Für die Ferraris waren das die letzten Handlungen in Normalform, denn in der zweiten Rennhälfte holte Massa und Räikkönen wieder der Albert-Park-Fluch aus dem Vorjahr ein: Massa wurde mit technischen Problemen langsamer und musste in der 46. von 58 Runden aufgeben, während sich Räikkönen nicht nur einen überflüssigen Fehler erlaubte, fünfmal an die Box kommen musste und zum Schluss noch vor der Zieldurchfahrt entnervt ausstieg.

Indes wurde es im Finish an der Spitze noch einmal knapp, denn mit einer Serie an schnellen Runden verkürzte Kubica seinen Rückstand auf die beiden Führenden immer weiter. Als "Zwischenpuffer" Barrichello an dritter Stelle liegend seinen letzten Boxenstopp absolvieren musste, hatte Kubica als neuer Dritter nur noch vier Sekunden Rückstand auf Button - bei fünf zu fahrenden Runden. Zumindest Platz zwei schien damit greifbar.

Doch anstelle dank BMW Power und besserer Reifen problemlos an Vettel vorbeizugehen, kam es zur rennentscheidenden Szene: Kubica setzte sich vor Kurve drei außen neben den Deutschen, war mit der Nase voran, aber Vettel steckte nicht nach, bremste spät, ließ seinem Gegner auf der Außenbahn keinen Platz - und fuhr dem BMW Sauber F1.09 seitlich rein. "Sorry, Guys", meldete er sich gleich danach bei seiner Crew am Boxenfunk.

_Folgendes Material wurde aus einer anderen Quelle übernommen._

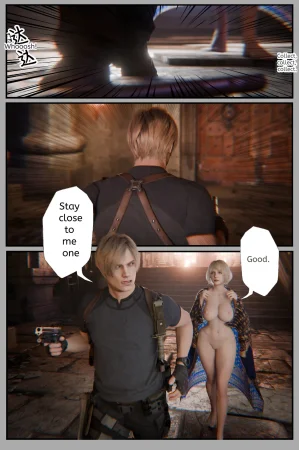 befarmore 缚之图鉴 3-4 The book of binding 3-4 Translate - Page 196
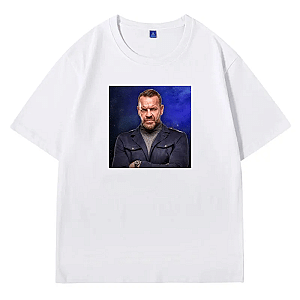 Wrestling Veteran Christian Cage T-Shirts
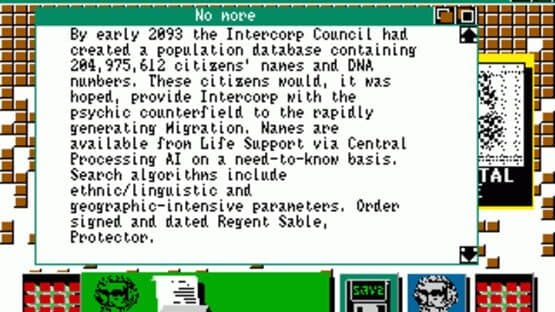 Portal — screenshot 2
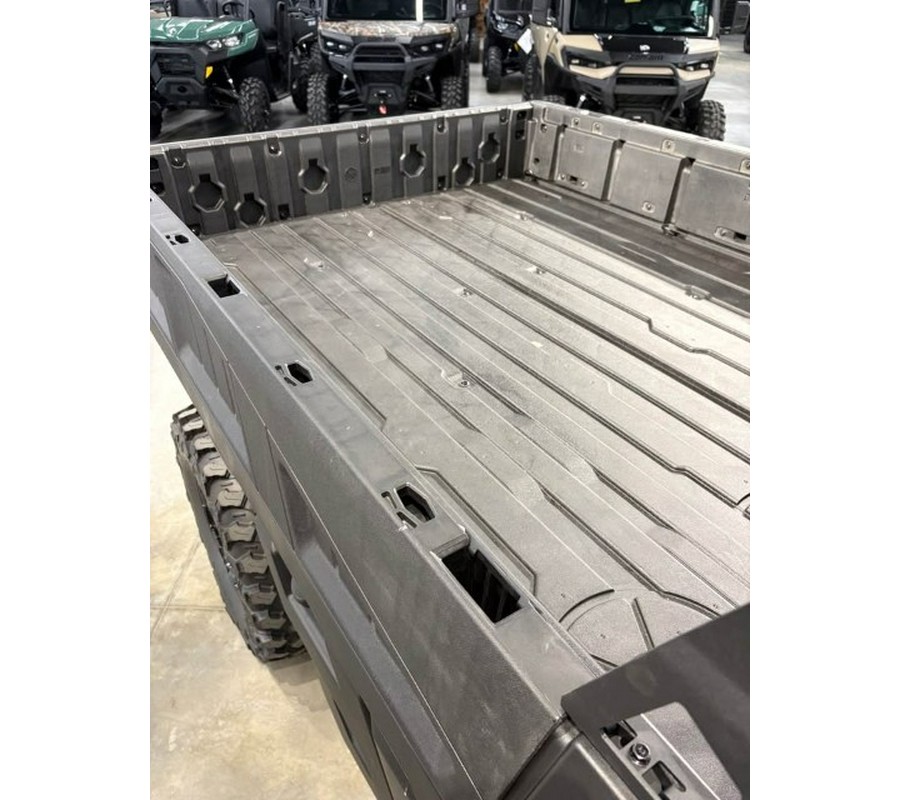 2027 Can-Am Defender XU PRO Limited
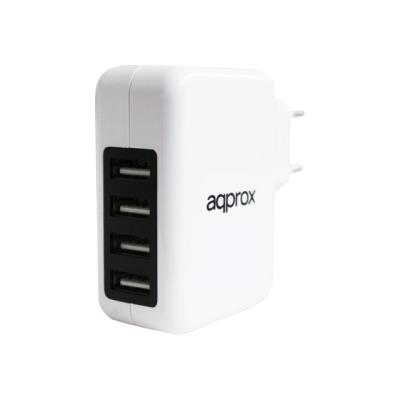 approx! adaptateur secteur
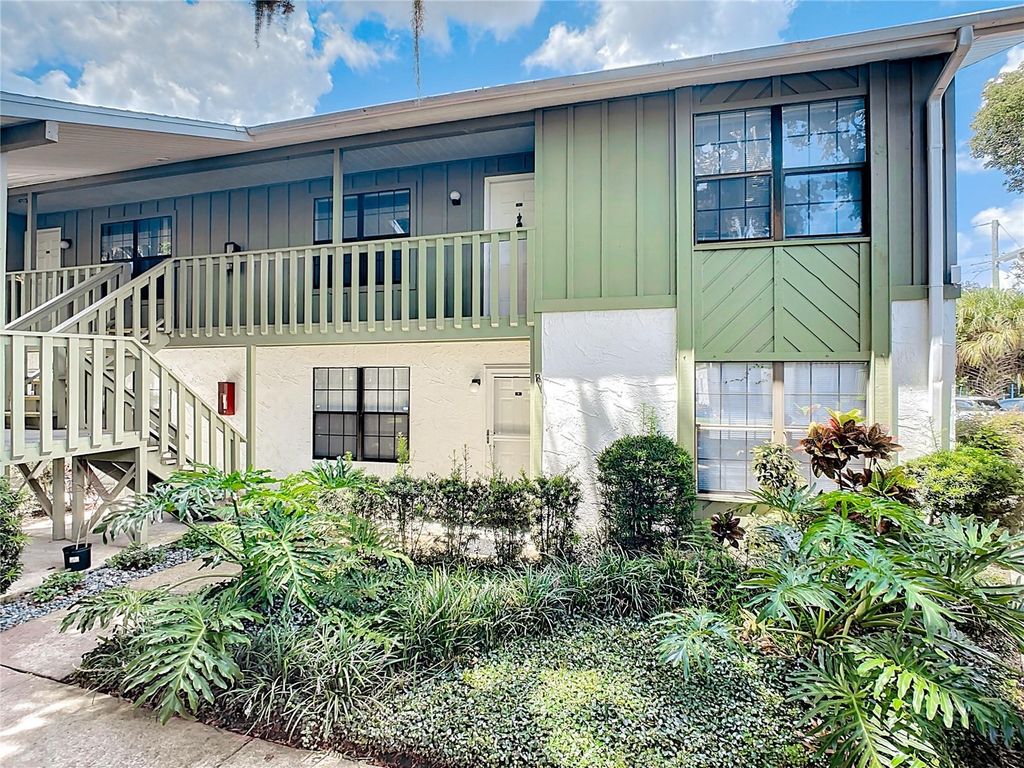 840 CENTER AVENUE 520, Holly Hill, FL 32117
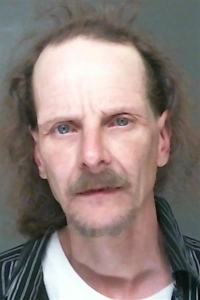 Allen Putt Troy a registered Sex Offender of Pennsylvania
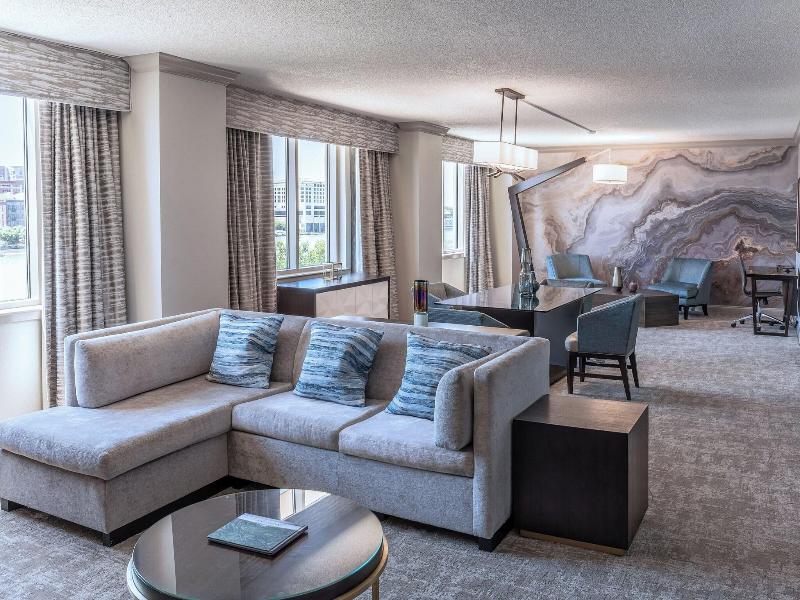 Westin Savannah Harbor Golf Resort & Spa image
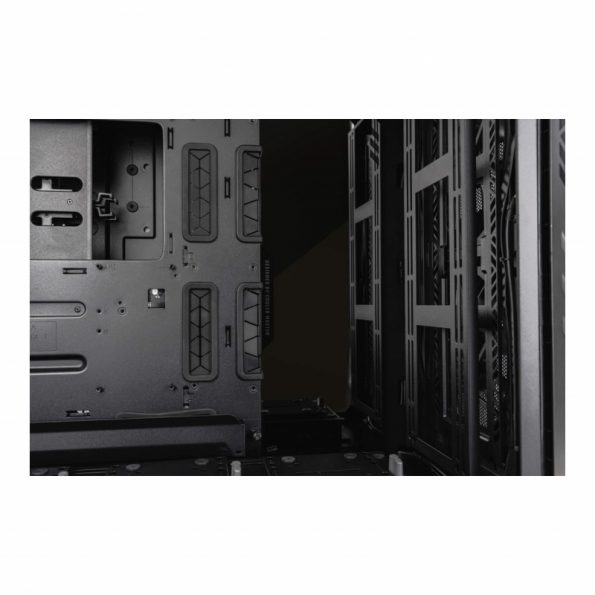 کیس کولر مستر HAF 700 EVO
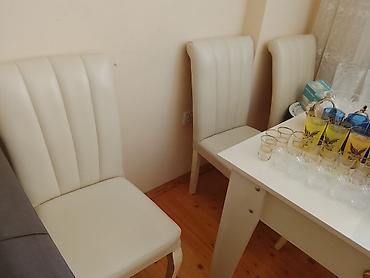 Yataq otağı dəstləri: Yataq otağı mebel dəsti - Yataq: yumşaq başlıqlı, ikinəfərlik ölçüdə — 13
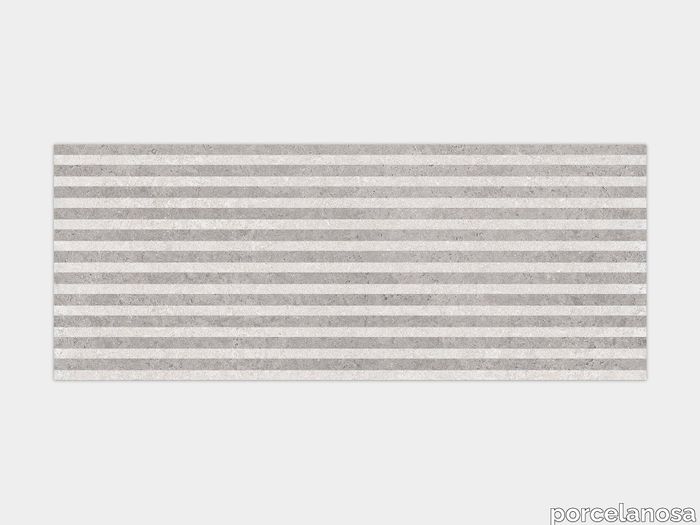 Liston Hannover Bone Topo 23"X59"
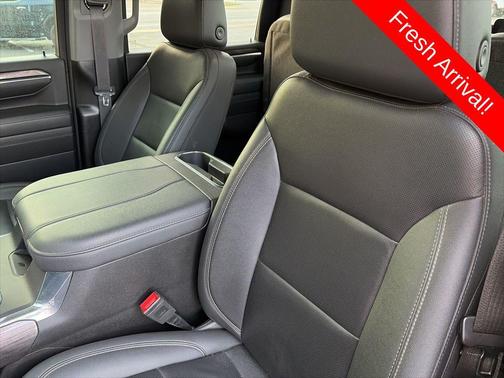 2024 Chevrolet Silverado 3500 LTZ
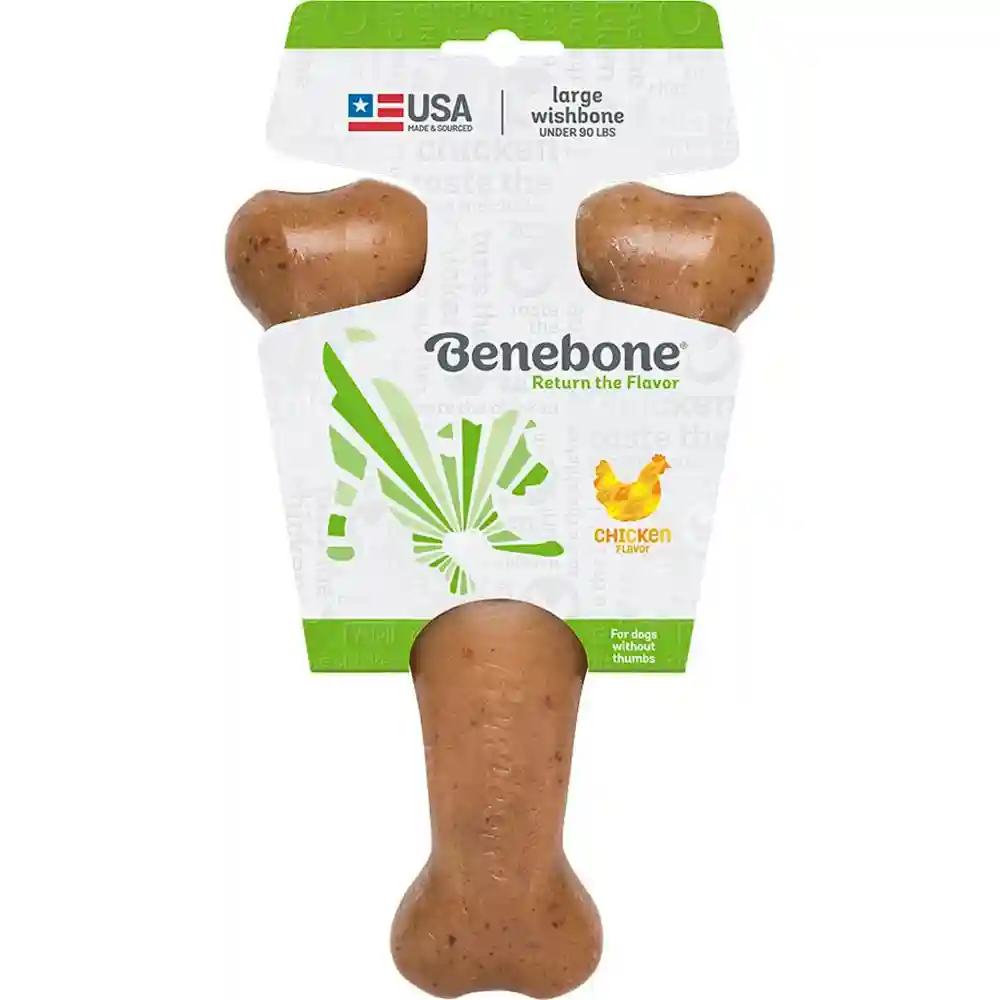 Benebone D Wish Chw Ckn Jum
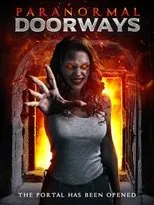 Póster de Paranormal Doorways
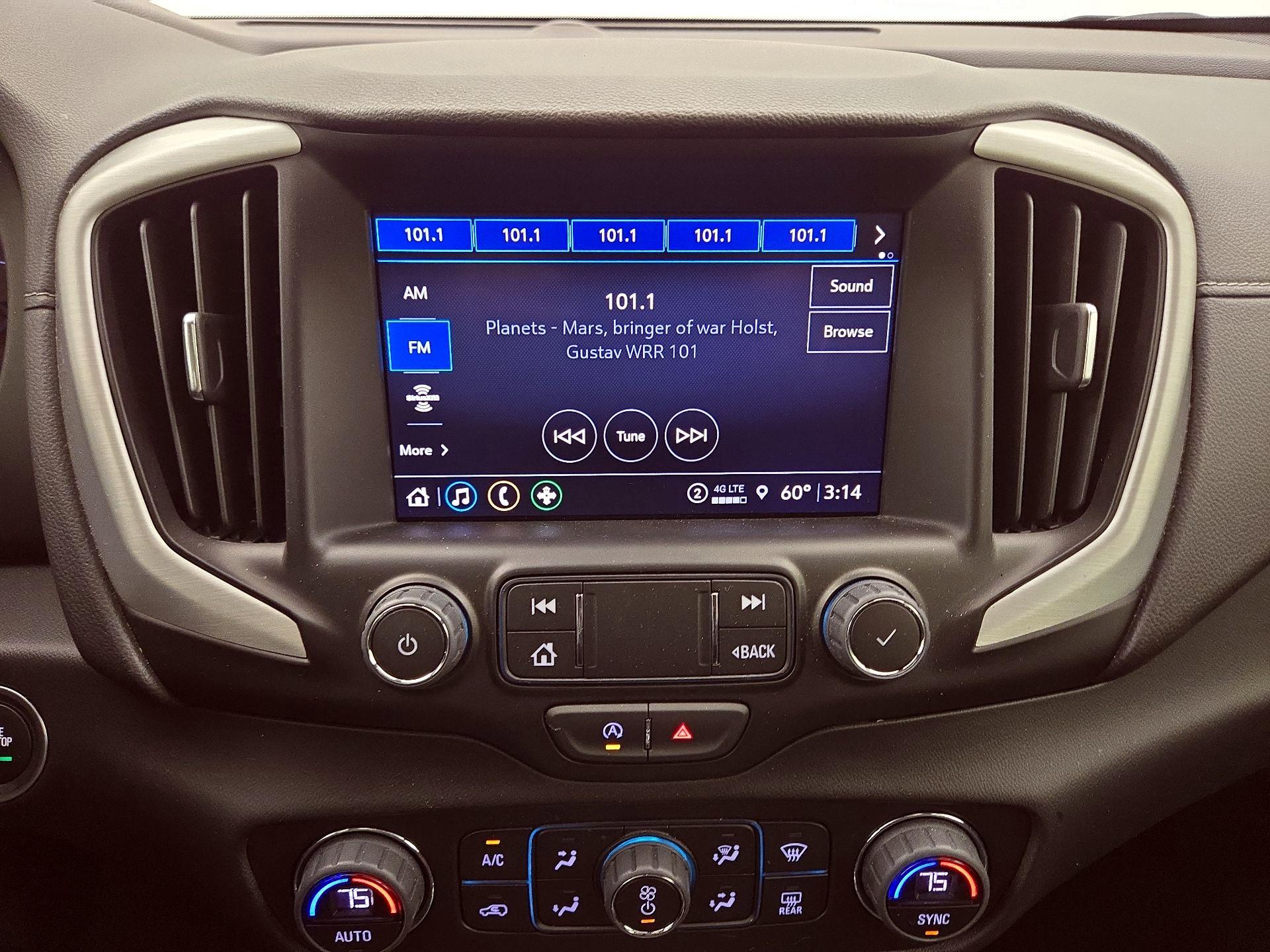 Thumbnail: 2023 GMC Terrain - 15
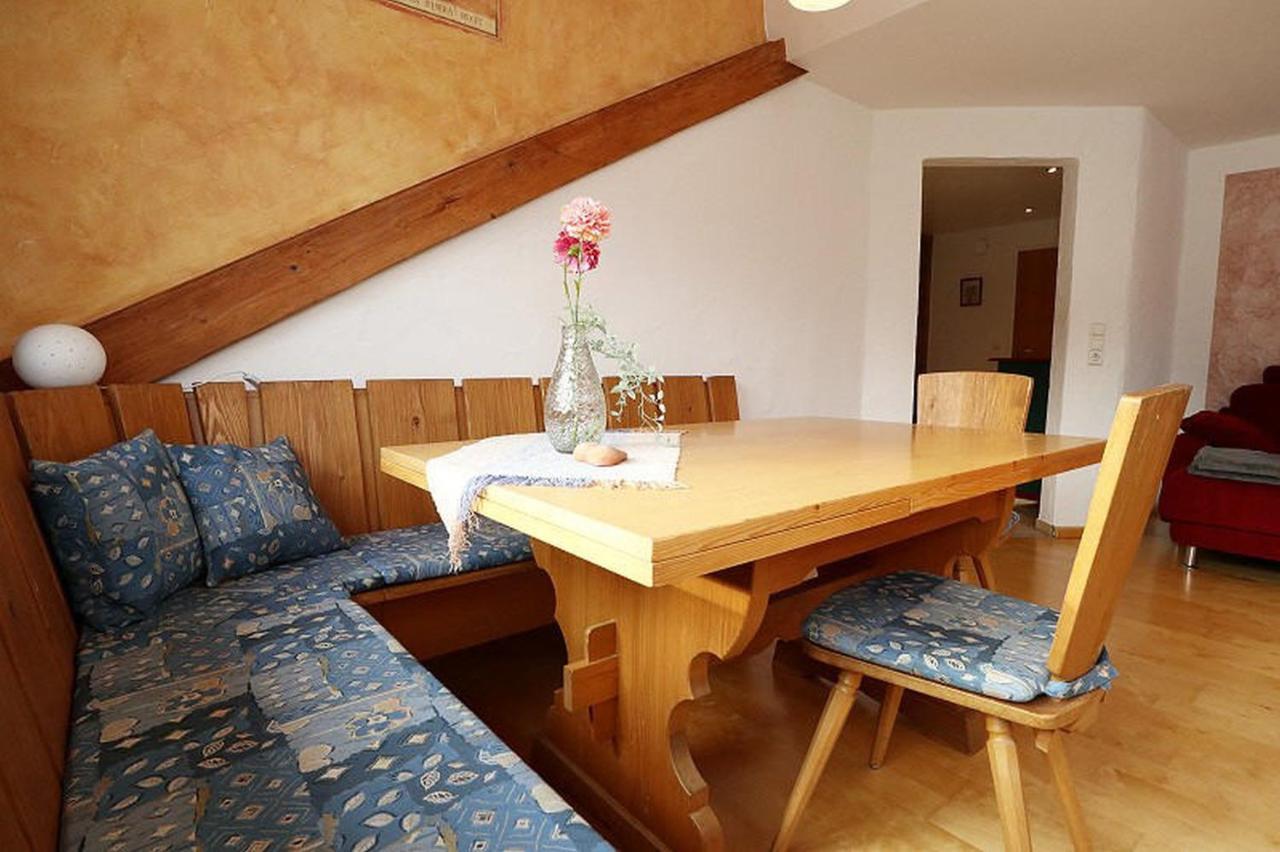 Haus Reichenbach Daire Glottertal Dış mekan fotoğraf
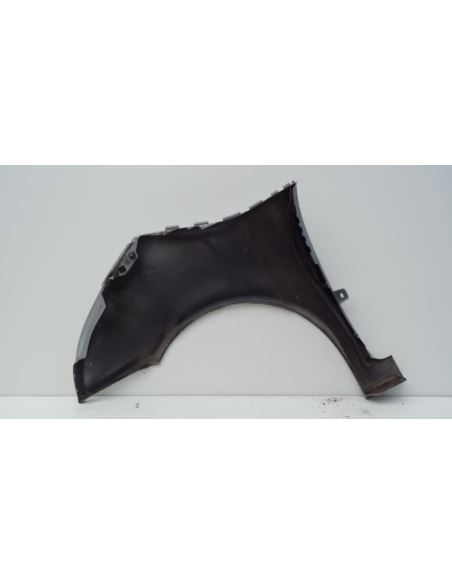 Błotnik prawy przód Citroen C4 PICASSO 9652990780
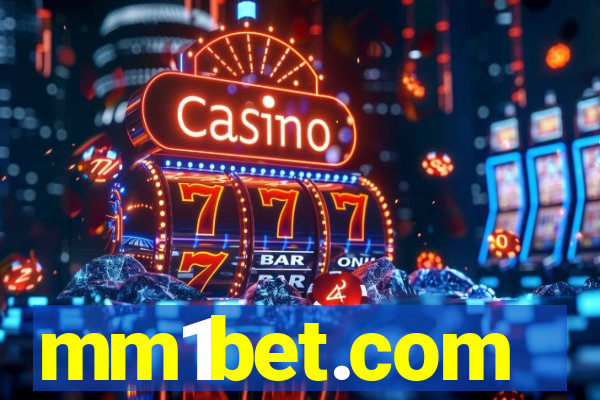 mm1bet.com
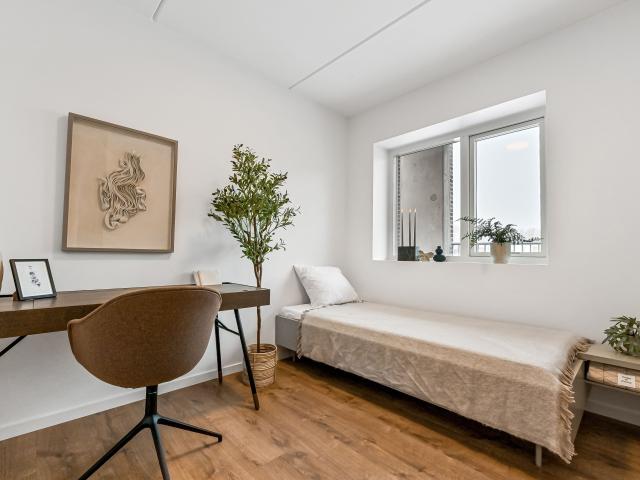Lejlighed til leje i Århus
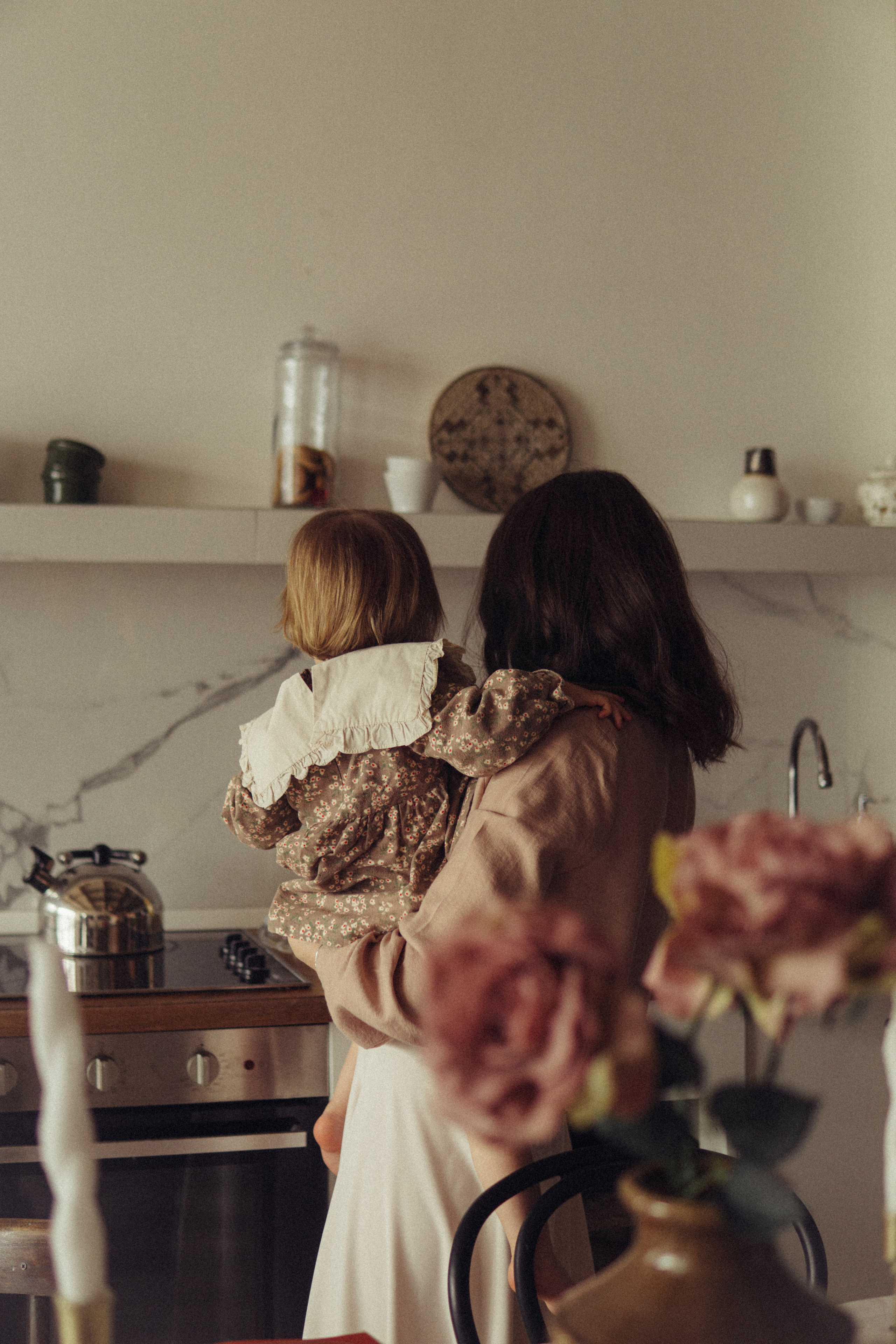 Маргарита и Соня. Меня зовут Аня, я фотограф в Москве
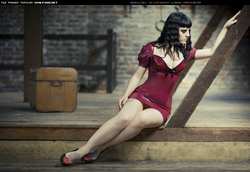 Image #25358 (fetish): latex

An ein Weiterfahren nicht zu denken

Kubica sah ein paar Meter weiter ein, dass an ein Fortsetzen des Rennens nicht mehr zu denken war, während Vettel mit drei Rädern zunächst auf der Strecke blieb. Denn: Es waren nur noch drei Runden zu fahren und das Safety-Car wurde auf die Strecke geschickt - was theoretisch ein Überholverbot bedeutet. Vettel ersparte sich dann aber die Diskussionen um die Auslegung dieser Regel, indem er mit einer ganzen Schlange Verfolger im Heck schlussendlich doch zur Seite zog und aufgab.

Hinter dem Safety-Car überquerte Button als Erster die Ziellinie, gefolgt von Barrichello, der durch Vettels missglückte Attacke den zweiten Platz erbte und das Märchen von Melbourne mit viel Glück perfekt machte. Dritter wurde Trulli nach einer starken Rennperformance von Toyota. Auch Teamkollege Timo Glock sorgte mit einigen beherzten Zweikämpfen für Furore. Nur einmal unterlief ihm dabei ein Fehler, als er sich bei einer Attacke gegen Alonso drehte.

Glock wurde als Fünfter abgewinkt und nimmt damit vier Punkte mit nach Hause; Sechster wurde Alonso, Siebenter Rosberg, der in der Schlussphase einen möglichen Podestplatz wegen der drastisch abbauenden Reifen verlor, und Achter Debütant Sébastien Buemi (Toro-Rosso-Ferrari) aus der Schweiz. Buemi fuhr wie am Freitag und Samstag fehlerlos, zeigte einen soliden Speed, profitierte von den Ausfällen und wurde dafür belohnt.

Sutil schlägt Fisichella

Adrian Sutil (Force-India-Mercedes) hatte heute keine realistische Chance auf Punkte, begeisterte aber mit einem tollen Manöver gegen seinen Stallgefährten Giancarlo Fisichella und ließ den Italiener als Zehnter auch um zwei Positionen hinter sich. Insgesamt sahen 13 Autos die Zielflagge - Lokalmatador Webber wurde nach einem verkorksten Nachmittag Letzter -; gewertet wurden aber wegen der zurückgelegten Distanz 16 der 20 gestarteten Teilnehmer.

Am Grünen Tisch gab es dann noch ein Nachspiel: Wegen Überholens während der Safety-Car-Phase wurde Trulli mit einer 25-Sekunden-Strafe belegt. Dadurch fiel er vom dritten auf den zwölften Platz zurück. Hamilton rückte auf das Podium auf, Sébastien Bourdais (Toro-Rosso-Ferrari) erbte einen Punkt. Außerdem kassierte Vettel (wegen Kollision) eine Rückversetzung in der Startaufstellung für Malaysia und Red Bull eine 50.000-Dollar-Strafe, weil Vettel nach dem Crash nicht sofort stehen blieb.

Schon in einer Woche in Malaysia kann es auf einer ganz anderen Strecke schon wieder ganz anders aussehen, aber die ersten Punkte sind einmal vergeben: Button führt klarerweise in der Fahrer-WM mit zehn Punkten, Brawn hat bei den Konstrukteuren mit 18 Zählern die Nase vor McLaren-Mercedes (6) und Toyota (5). Aber: Hinsichtlich der Legalität der Diffusorteams Brawn, Toyota und Williams fällt erst am 14. April die endgültige Entscheidung.